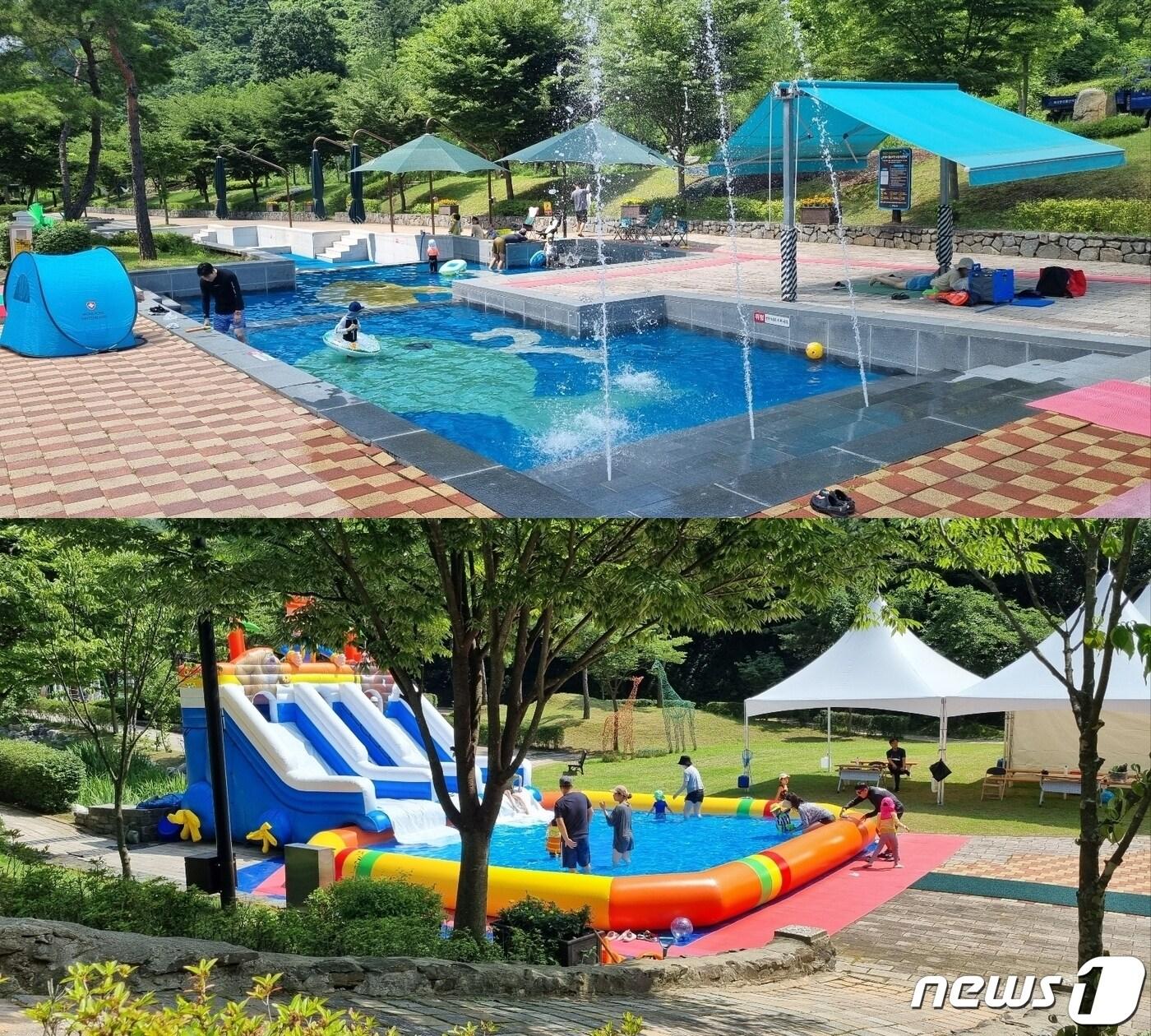 본문 이미지 - 성불산 산림휴양단지 물놀이장.(괴산군 제공)/뉴스1
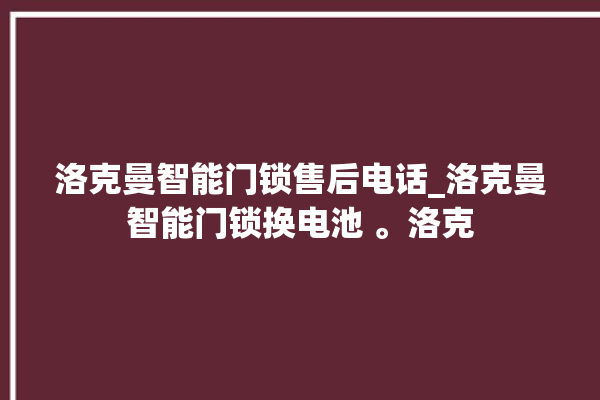 洛克曼智能门锁售后电话_洛克曼智能门锁换电池 。洛克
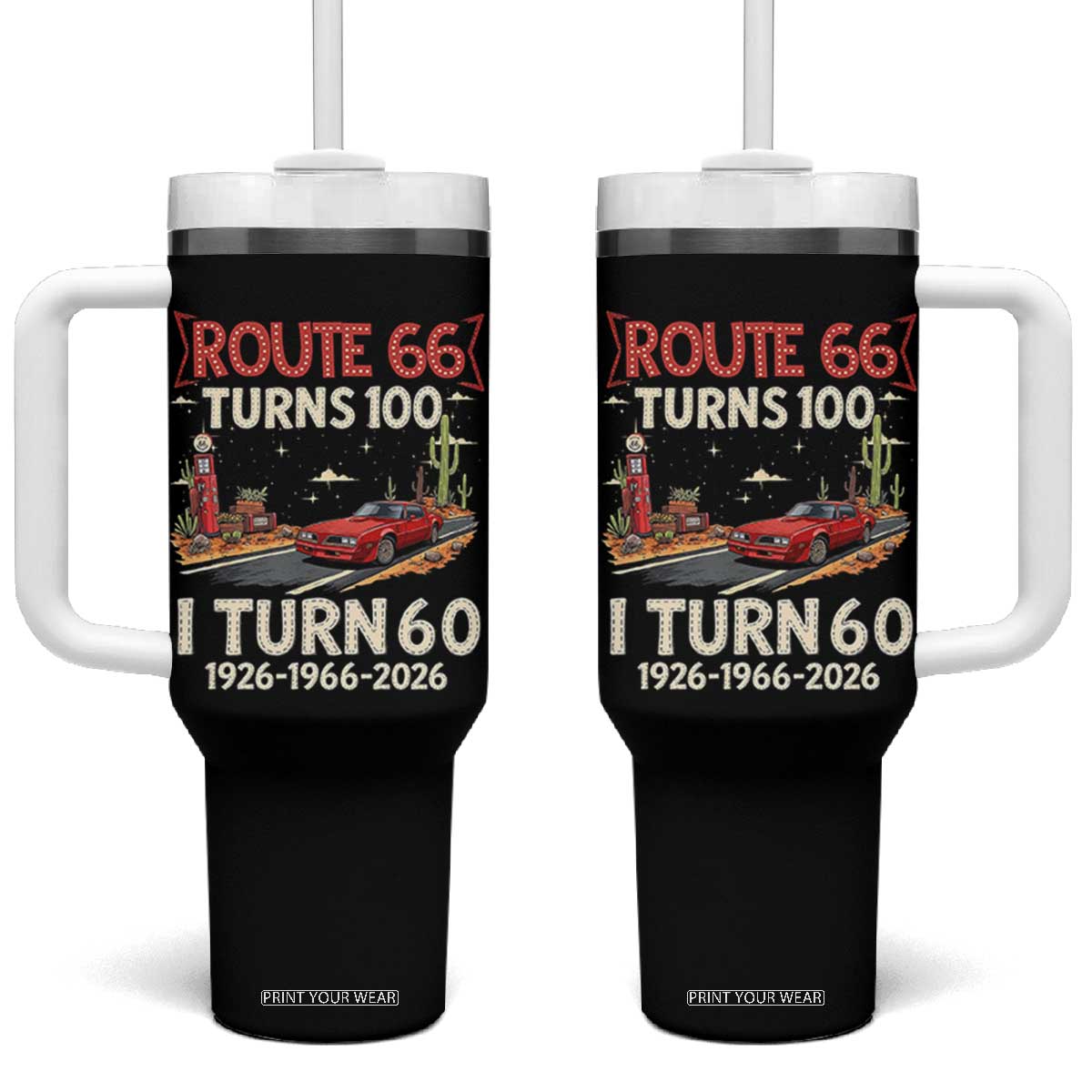 Route Highway 66 Turns 100 I Turn 60 Tumbler With Handle Vintage 1966 Road Sign Classic Muscle Car Lover 60th Birthday Gift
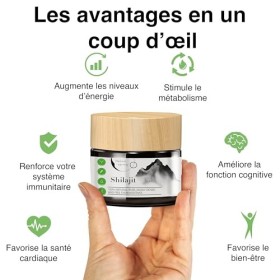 Shilajit Résine en Verre | Premium +2 Mois | Source Himalayenne Haute Puissance avec Acide Fulvique | Acide Humique et Oligo-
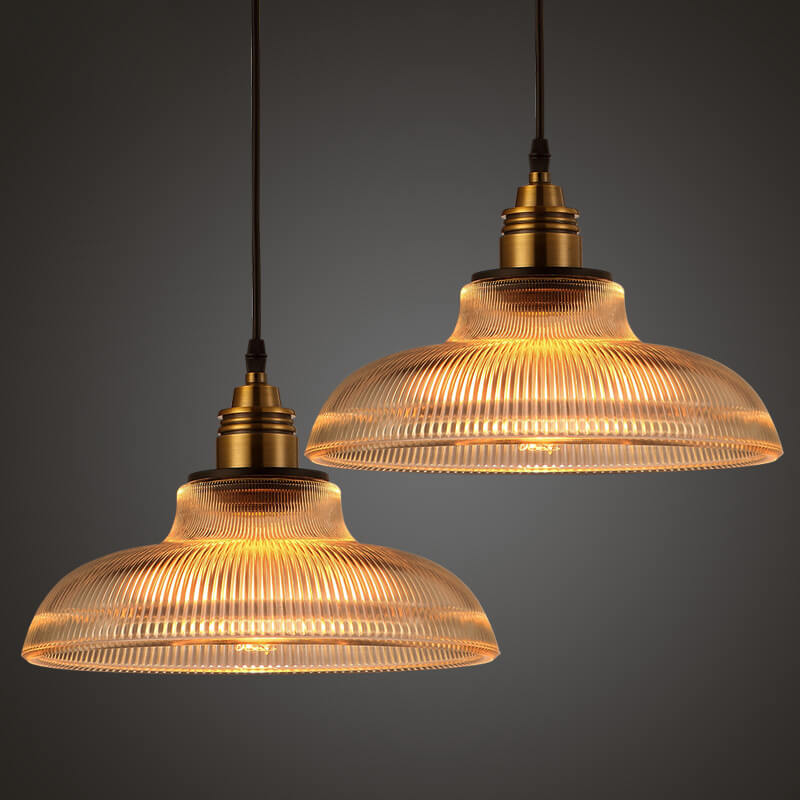 Striped Vintage Glass Pendant Light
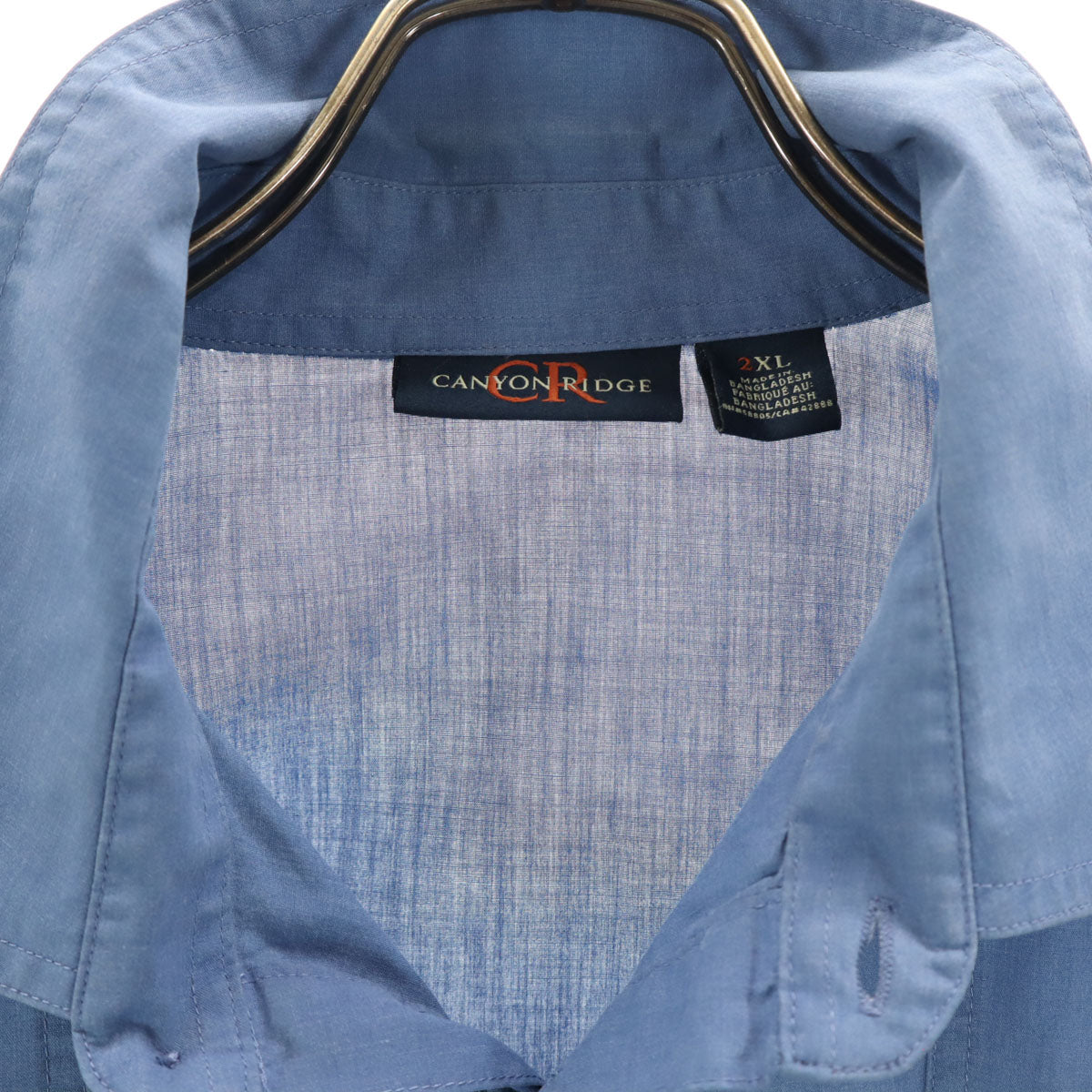 CANYON RIDGE キャニオンリッジ オールド 5分袖 シャツ 2XL ブルー系 プルオーバー ビッグサイズ メンズ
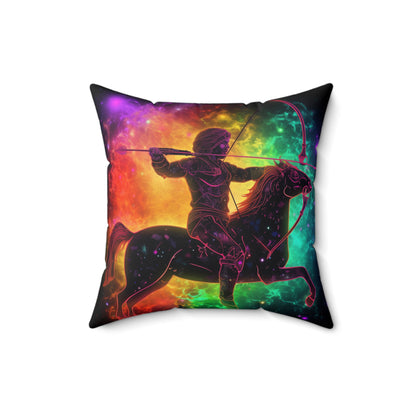 Colorful Sagittarius Zodiac Sign - Star Universe Theme - Spun Polyester Square Pillow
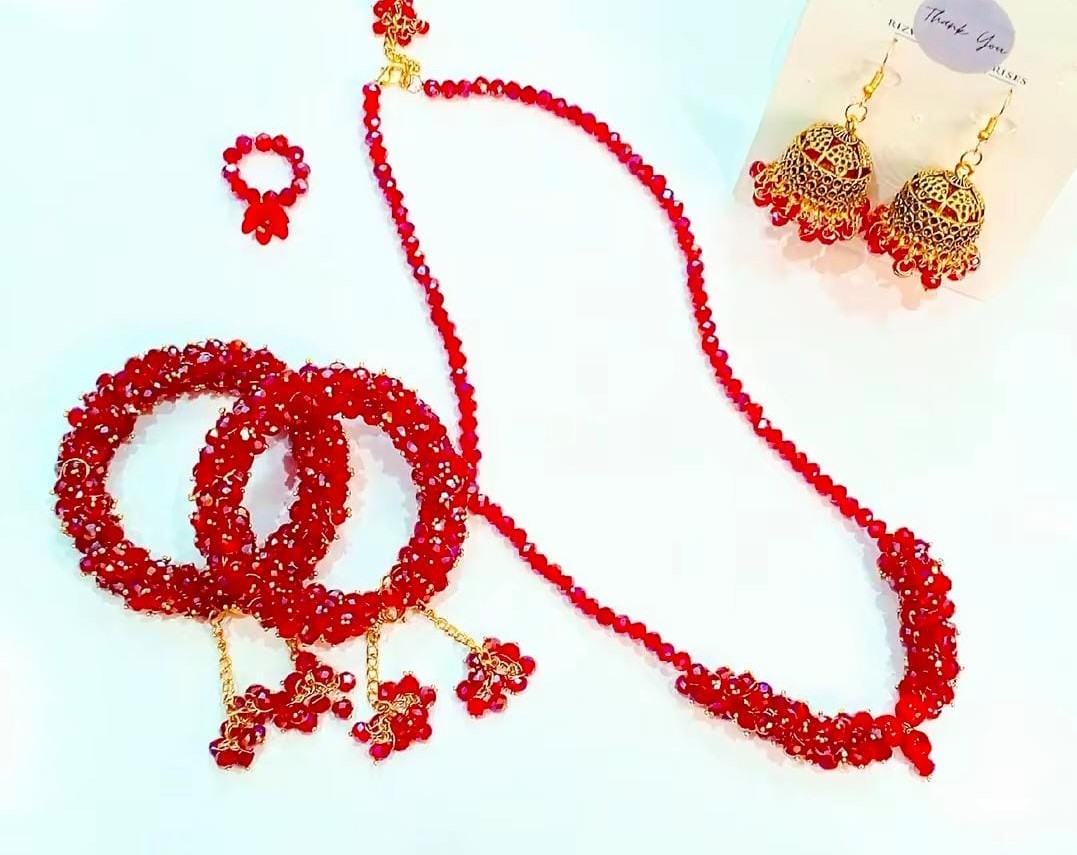 Nabihas Gajra Bracelet Necklace Earring Jewellery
------------------------------------------------
=== EXERCISE ===
An exact, image-free transcript of the material is required.

=== REPLY ===
 본문 이미지 - 성불산 산림휴양단지 물놀이장.(괴산군 제공)/뉴스1
 洛克曼智能门锁售后电话_洛克曼智能门锁换电池 。洛克
 Route Highway 66 Turns 100 I Turn 60 Tumbler With Handle Vintage 1966 Road Sign Classic Muscle Car Lover 60th Birthday Gift
 Shilajit Résine en Verre | Premium +2 Mois | Source Himalayenne Haute Puissance avec Acide Fulvique | Acide Humique et Oligo-
 Striped Vintage Glass Pendant Light
 CANYON RIDGE キャニオンリッジ オールド 5分袖 シャツ 2XL ブルー系 プルオーバー ビッグサイズ メンズ
 Colorful Sagittarius Zodiac Sign - Star Universe Theme - Spun Polyester Square Pillow
 Nabihas Gajra Bracelet Necklace Earring Jewellery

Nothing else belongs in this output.